|
|
 |
July 2008
If
you cannot satisfy the performance with one server node when concurrent
users are increasing dramatically, or you cannot scale your Java applications
with one JVM instance due to the limitation of garbage collection,
your other choice is to run your systems in multiple JVM instances
or in multiple server nodes. We called it horizontal scalability.
Please
note we believe that the ability to scale on multiple JVM stances in
the same machine is horizontal scalability instead of vertical. The
IPC mechanisms among JVM instances are limited. Two JVM instances can't
communicate through pipes, shared memory, semaphores or signals. The most
effective way
to communicate among different JVM processes is
by socket. Simply put, if Java EE applications can be scalable on multiple
JVM instances, they are also mostly scalable on multiple server nodes.
As
computer prices drop and performance continues to increase, low cost
commodity systems can be configured in a cluster to obtain aggregate
computing power which often exceeds those expensive high end supercomputers. However,
larger numbers of computers means increased management complexity,
as well as a more complex programming model and issues such as throughput
and latency between nodes.
Java EE clustering is a mature technology, about which I have written an article
named “Uncover
the Hood of J2EE Clustering” on TSS to describe
its internal mechanism.
Lessons
learned from failed projects
Use
share nothing clustering architectures

Figure 3: share nothing cluster
The
most scalable architectures are sharing-nothing clusters. In such clusters,
each node has the same functionalities, and knows nothing about the existence
of other nodes. The load balancer will decide how to dispatch the requests
to the back end server instances. It is rare that a load balancer will
become a bottleneck, because a load balancer only need to do some very
simple jobs, such as distributing requests, health checking, and session
sticking. By adding more nodes, the computing ability of the cluster
is increasing almost lineally, if the back end database or other information
systems are powerful enough.
However, almost all popular Java EE vendors implement HTTPSession failover
in their cluster products to ensure that all client requests can be
processed properly without losing any session state in case of failure
of some server nodes. This will break the share nothing principle. The
same session data objects will be shared among two or more nodes in order
to implement the failover functionality. In my previously-referenced article,
I recommended not to use the session failover, unless it is strictly required.

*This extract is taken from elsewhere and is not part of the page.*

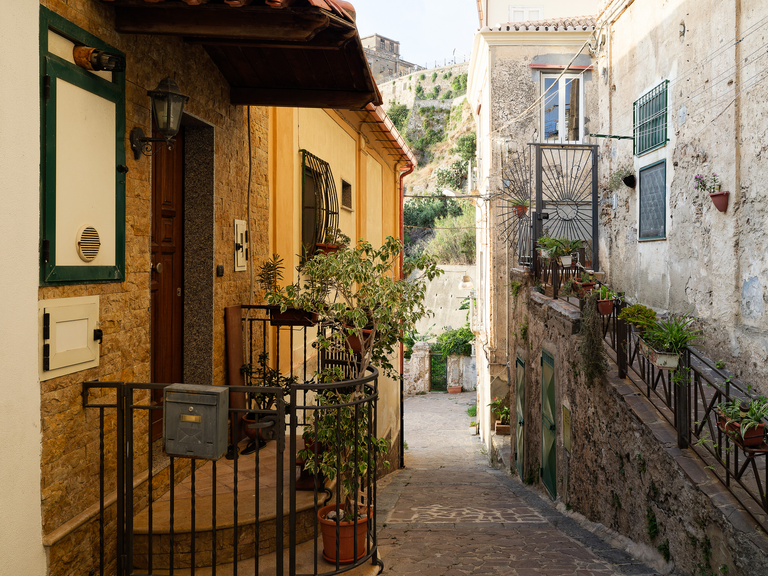 Malownicze widoki włoskiego wybrzeża Tyrreńskiego – miasteczka, plaże, klify i architektura Kalabrii oraz wybrzeża Amalfi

The session failover functionality cannot avoid errors completely when
failures happen, as my article mentioned, but it will damage the performance
and scalability.
Use
scalable session replication mechanisms
If
you are required to use session failover to give a more friendly experience
to users, it is important to choose scalable replication products or mechanisms.

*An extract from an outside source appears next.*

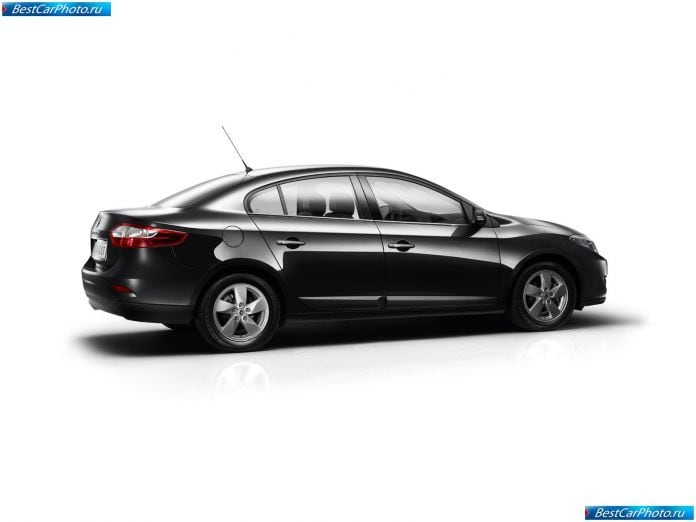 2010 Renault Fluence - фотография 4 из 10 2010 Renault Fluence - фотография 4 из 10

Different vendors implement variable replication solutions – some
use database persistence, some use centralized state server, while others
use memory replications among nodes. The most scalable one is paired node
replication, which is implemented by most popular vendors, such as BEA
Weblogic, JBoss and IBM Websphere. Sun implemented the paired node replication
in Glassfish V2 and above. The least scalable solution is using database
as session persistence storage. One of projects tested in our laboratory
using database persistence as session replication found that no more than
three to four nodes would kill the database if the session objects were
updated frequently.
Use
collocated deployment instead of distributed one
Java
EE technology, especially EJB, was born for distributed computing. Decoupled
business functionality and reused remote components make multi-tier applications
popular. But for scalability, reducing the distributed layers maybe a good
choice.
A government project tested in our laboratory compared two different
deployments in the same number of server instances – a distributed
structure and a collocated one, show as the following: figures:
Figure 4: distributed structure |

Figure 5: collocated structure |
The result was that the collocated structure scaled much better
than the distributed one! Imagine
in one method in your application you may be invoking a couple
of EJBs. If you load balance on every one of those EJBs, you're going
to end up with instances of your application spread out across the
multiple server instances. As a result, you're going to have a lot
of server-to-server cross talk that's unnecessary. And more, if your
method is under a transaction, your transaction boundary will include
many server instances which will impact performance heavily.
Shared
resources and services
In
Java EE clustering systems servicing concurrent requests, scalable performance
is limited by the number of operations which must utilize any shared resource
that does not exhibit linear scalability. Database servers, JNDI trees,
LDAP Servers, and external file systems can be shared by the nodes in the
cluster.
Although not recommended by the Java EE specification, the external
I/O operations are used for various purposes. For example, some applications
tested in our laboratory used file systems to save uploading files
by users, or create dynamic configuration XML files. Within a cluster,
the application server nodes need a way of replicating these files across
to other instances. But this was proven
unscalable. With more nodes added, copying files among server instances
will occupy all the network bandwidth and consuming considerable CPU
resources. To work in a cluster, the solution is to use the database in
place of external files, or choose SAN as the central deposits for files.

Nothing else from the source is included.